Noch in den ersten beiden Novemberwochen wurde das Stück im Rahmen der rechtlichen Möglichkeiten weiterentwickelt. “Die Darsteller kommen in den Previews zum ersten Mal mit dem Publikum in Kontakt. Wir merken, welche Gags nicht funktionieren – Glindas Song ‘Popular’ musste zum Beispiel komplett umgeschrieben werden, weil die erste Version bei den Zuschauern einfach nicht ankam. In den Previews bekommen die Darsteller außerdem das richtige Gefühl für Timing und Einsätze. Auch für die Abstimmung der Technik, wie zum Beispiel die richtige Abmischung des Tons und den Einsatz von Nebelmaschinen, braucht man einfach einen vollen Saal.” An jedem Preview-Tag wird zusätzlich auch ohne Publikum geprobt. Das Leitungsteam bespricht, was auf und hinter der Bühne nicht so gut lief.

Größere Änderungen im Vergleich zur Originalinszenierung sind jedoch kaum möglich. “Wir können da nicht viel machen – das Stück steht ja. Aber bei uns ragt das Bühnenbild viel weiter in den Raum als in anderen Theatern, es fliegen Affen über das Publikum – das waren Adaptionen, die wir machen durften. Alles, was die Qualität der Show betrifft, muss aber genau mit dem Original übereinstimmen. Wir konnten zum Beispiel keine Kostüme vereinfachen, Stoffe und Schnitte müssen exakt denen der Originalinszenierung entsprechen.”

Simone Linhof ist ausgebildete Ballettpädagogin, hat Theaterwissenschaften studiert und kam als Produktionsassistentin von “Sunset Boulevard” in Niedernhausen zum Musical. Nach einem zweijährigen Abstecher nach London übernahm sie das Company Management für “Buddy Holly” in Hamburg und wurde nach der Übernahme von Stella durch Stage Entertainment Leiterin der Casting-Abteilung. “Ich wollte nach dieser Zeit einfach gern wieder in den Produktionsbereich und bekam dann die Chance, als Associate Producer ‘Tanz der Vampire’ in Berlin zu machen und anschließend die ‘Best of Musical’-Tournee zu produzieren. Ich hatte das Glück, immer tolle Produktionen betreuen zu dürfen. Auch ‘Wicked’ ist für mich ein Wunschprojekt.”

Mit ihrer jahrelangen Erfahrung als Casting-Verantwortliche ließ es sich Linhof nicht nehmen, bei den finalen Auditions für “Wicked” vor Ort zu sein und mitzuentscheiden. “Für Glinda haben wir etwas länger gesucht. Wir haben extra für diese Rolle ein Casting in London gemacht.
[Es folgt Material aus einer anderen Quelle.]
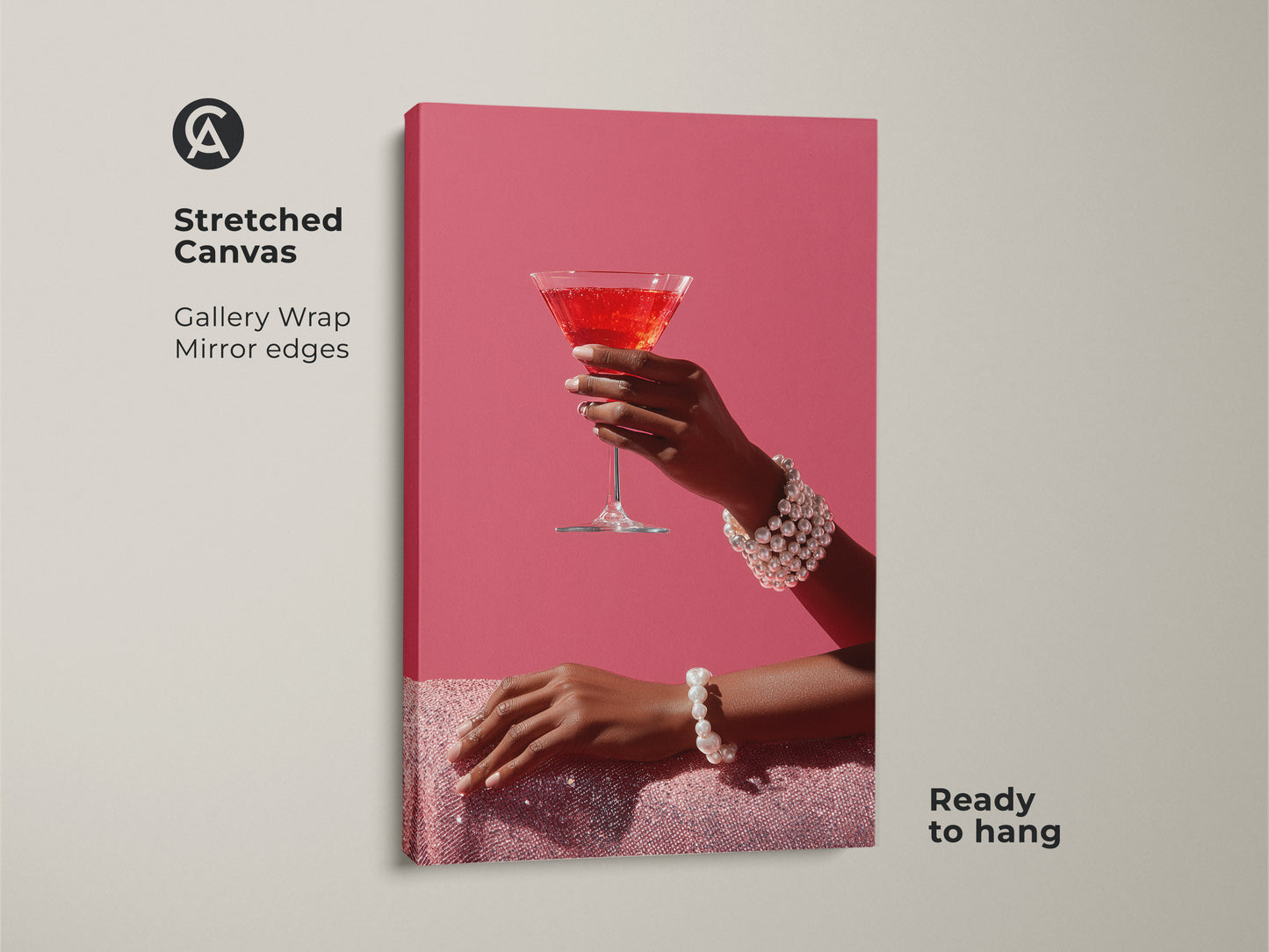 Elevate your home bar with this glam cocktail wall art on stretched canvas. The pink martini art print features a hand with a pearl bracelet. It's a contemporary drink artwork that's ready to hang. Add a sophisticated touch with this modern bar area art. The gallery wrap has mirror edges.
Die Entscheidung, wer die Rolle übernimmt, haben wir dann gemeinsam mit dem Regisseur Joe Mantello und dem neuen Casting Director der SE, Ralf Schaedler, gefällt.” Sind alle Besetzungen erste Wahl? “Ja. Ja, absolut.”

Mit der Premiere ist die Aufgabe von Simone Linhof in Stuttgart beendet. “Ich werde auf jeden Fall bei der Stage Entertainment bleiben.” Wegen der kurzfristigen Spielplangestaltung wisse sie aber noch nicht, was als nächstes kommt. “Die Stage würde sehr gern ‘Spring Awakening’ produzieren, dafür wird zur Zeit ein Konzept entwickelt und ein Theater gesucht. Das Stück ist eine ganz neue Art von Musical, das man unbedingt in Deutschland zeigen sollte. Es muss aber auch in die Gesamtplanung der Stage passen. Wenn ‘Spring Awakening’ kommt, würde ich es wahnsinnig gern machen, auch ‘Der Schuh des Manitu’ würde mich sehr reizen. Außerdem wird darüber geredet, ‘Tarzan’ nach Deutschland zu bringen. Da ist aber noch keine Entscheidung gefallen.”

Offensichtlich vertraut man in der SE-Chefetage auf Simone Linhof und ihre Fähigkeiten. Auf die Frage, ob sich Konzerngründer Joop van den Ende oder Deutschlandchef Maik Klokow in die Arbeit an “Wicked” einmischen würden, antwortet sie: “Beide sind zwar immer informiert, haben aber vollstes Vertrauen. Maik Klokow ist heute zum ersten Mal vor Ort.”